I think, by the way, I should, if I were you, take or send out a few servants--not too many at first, only just enough to attend on our two selves. You can arrange to send for any more you may want later. Engage them, and arrange for their being paid--when they are in our service we must treat them well--and then they can be at our call as you find that we want them. I think you should secure, say, fifty or a hundred--'tis an awfu' big place, Aunt Janet! And in the same way will you secure--and, of course, arrange for pay similarly--a hundred men, exclusive of any servants you think it well to have. I should like the General, if he can give the time, to choose or pass them. I want clansmen that I can depend on, if need be. We are going to live in a country which is at present strange to us, and it is well to look things in the face. I know Sir Colin will only have men who are a credit to Scotland and to Ross and to Croom--men who will impress the Blue Mountaineers. I know they will take them to their hearts-- certainly if any of them are bachelors the girls will! Forgive me! But if we are to settle here, our followers will probably want to settle also. Moreover, the Blue Mountaineers may want followers also! And will want them to settle, too, and have successors!

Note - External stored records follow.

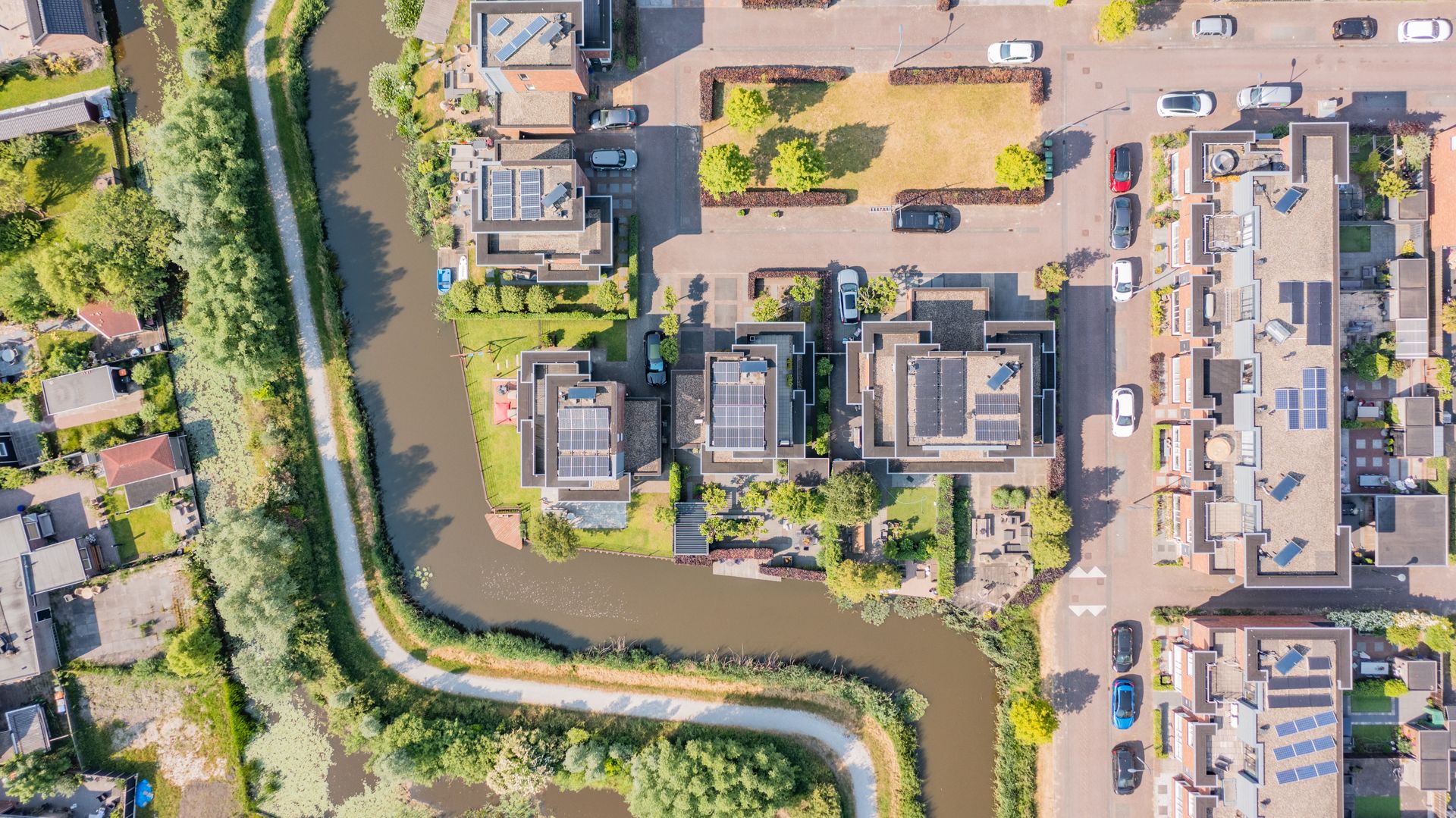 Foto 75 van Tegelzetter 47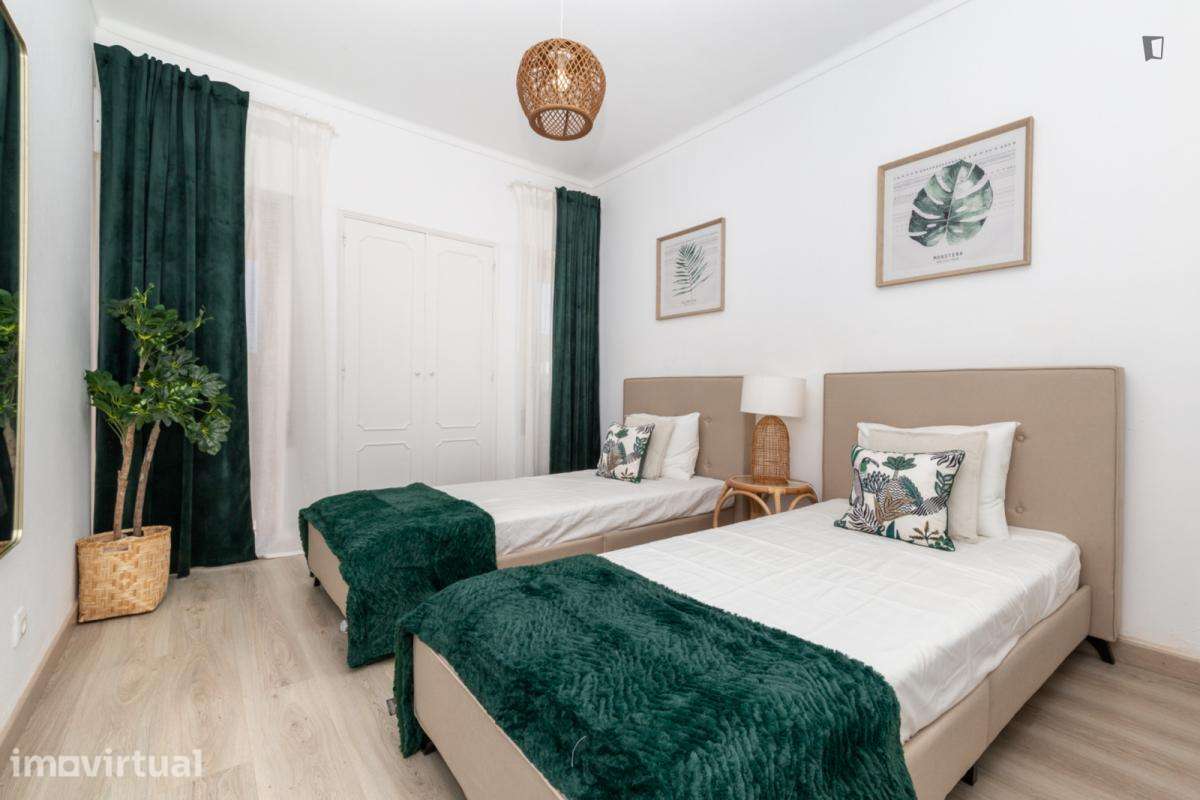 Apartamento com 2 quartos - localizado em Faro - Grande imagem: 2/21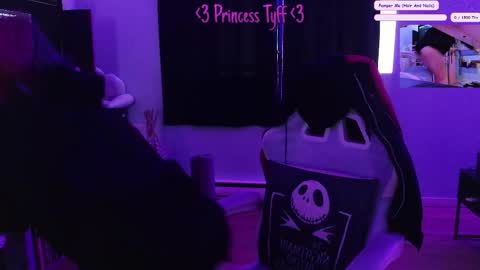 Snapshot of princesstyff chatting on 04.23.26 Tyff et Blast online show from 04.23.26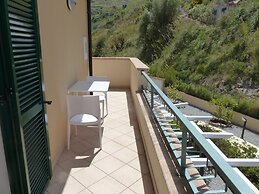 Belvilla by Oyo Chic Apartment in Parghelia Italy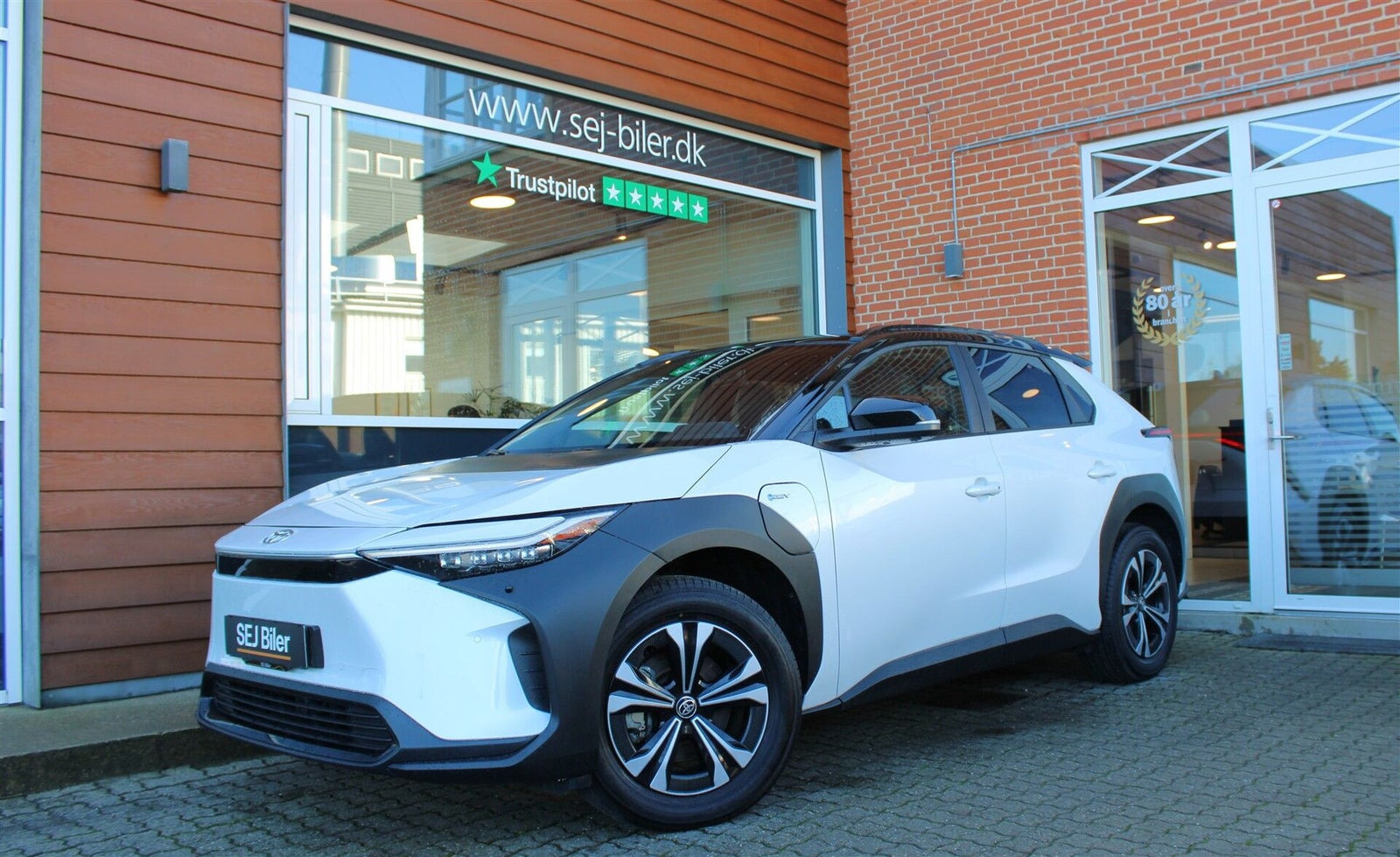 Hvid Toyota BZ4X fra 2023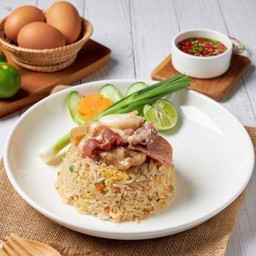 ข้าวผัดรวมมิตร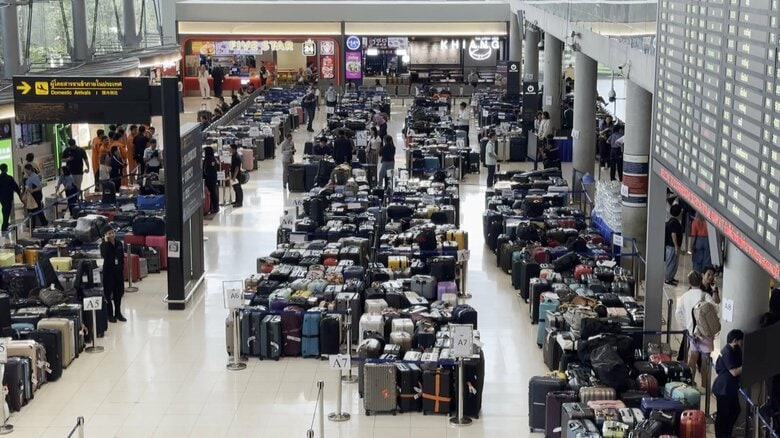 空港に5600個以上の預け荷物　洪水でスタッフ出勤できず人手不足　タイ国内最大の空港　日系物流会社も輸出貨物の搬入制限｜FNNプライムオンライン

Now for the description of the place. Well, I simply can't just now. It is all so wonderful and so beautiful. The Castle--I have written so much already about other things that I really must keep the Castle for another letter! Love to Sir Colin if he is at Croom. And oh, dear Aunt Janet, how I wish that my dear mother was coming out! It all seems so dark and empty without her. How she would have enjoyed it! How proud she would have been! And, my dear, if she could be with us again, how grateful she would have been to you for all you have done for her boy! As I am, believe me, most truly and sincerely and affectionately grateful.
Your loving RUPERT.
Rupert Sent Leger, Vissarion, to Janet MacKelpie, Croom. January 26, 1907.
MY DEAR AUNT JANET,
Please read this as if it was a part of the letter I wrote yesterday.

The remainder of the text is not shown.